Some time ago, I picked up the original scroll version of Jack Kerouac’s On the Road, “the legendary first draft – rougher, wilder, and racier than the 1957 edition,” as the front cover states. I’d like to say that I bought this particular edition because I wanted to glimpse the raw creative, literary genius of The Beat King. Truth be told, I was struggling to keep my one-year-old from pulling books off every shelf she could reach, so I quickly grabbed the first one I found that looked like the cheaper, paperback version.

The first hundred pages or so of this edition consists of introductory essays by academics. One essay by Penny Vlagopoulos, however, got my attention and actually convinced me to bypass the other essays and jump into the novel itself.

Here’s one quote from Vlagopoulos that I got particularly excited about:

“[Kerouac] understood how the radical potential of art becomes sanitized in shadow versions that distill the critiques behind the original creative articulations. . . Kerouac refused the rigidity and reductiveness of categories. On the Road asks that people find the beauty in failed journeys, in the discovery of personal excess, in feeling the sting of limits, but these are the boundaries around which humanness is constructed. Labels, on the other hand, can sometimes evacuate the presence of that which they attempt to contain.” (emphasis mine)

I find so many parallels here with current discussions in modern Christianity.
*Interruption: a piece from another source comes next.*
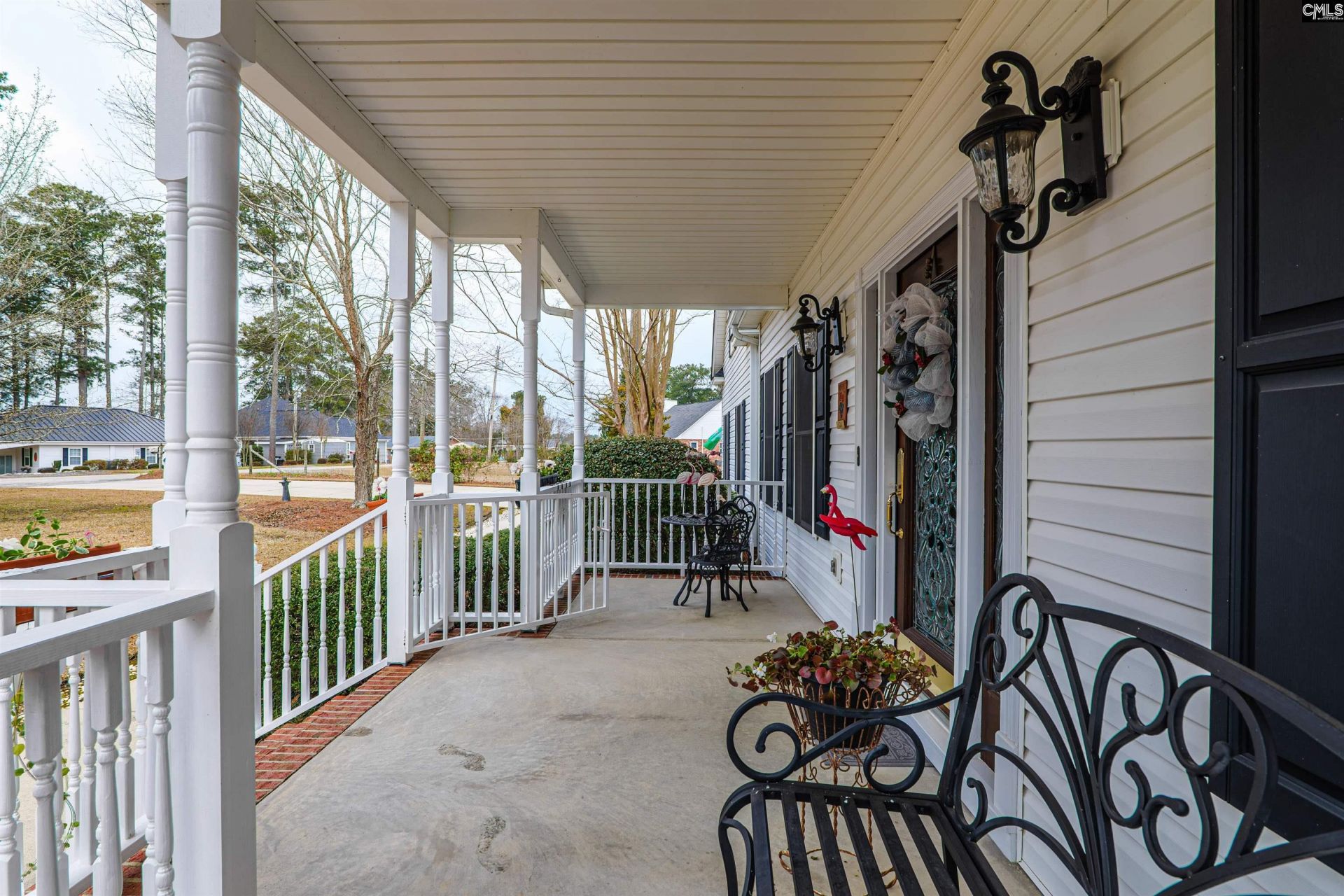 624 East Point Drive Photo 6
Many leaders engaged in the battle for a proper definition of terms such as “missional” or “postmodern” or even “Evangelical” would do well to be reminded of that last statement about labels.

Beyond the labels being debated within the shrinking circles of Christian subculture, the persistent use of the term “faith-based” gets very problematic, often in ways that bring unnecessary limitations to the work of Christ-followers attempting to promote justice and social good in society.

It begs the question(s) for those of us trying to be on mission with God outside of church programs: Is it necessary to label our efforts “faith-based” in order to stay true to our missionary calling in society? Or can we move ahead in our efforts to promote the transformational ways of the Kingdom in substance but drop the label?

Funny enough, in the U.S. this only seems to be an issue that confronts Christians in the nonprofit sector. Christians who are business owners are (mostly) NOT expected to call their businesses “faith-based,” even if they’re serious about their missionary calling as Christ-followers.

So what say you? Is the “faith-based” label necessary? If not how can we continue to be faithful to our missionary calling as Christ-followers without it?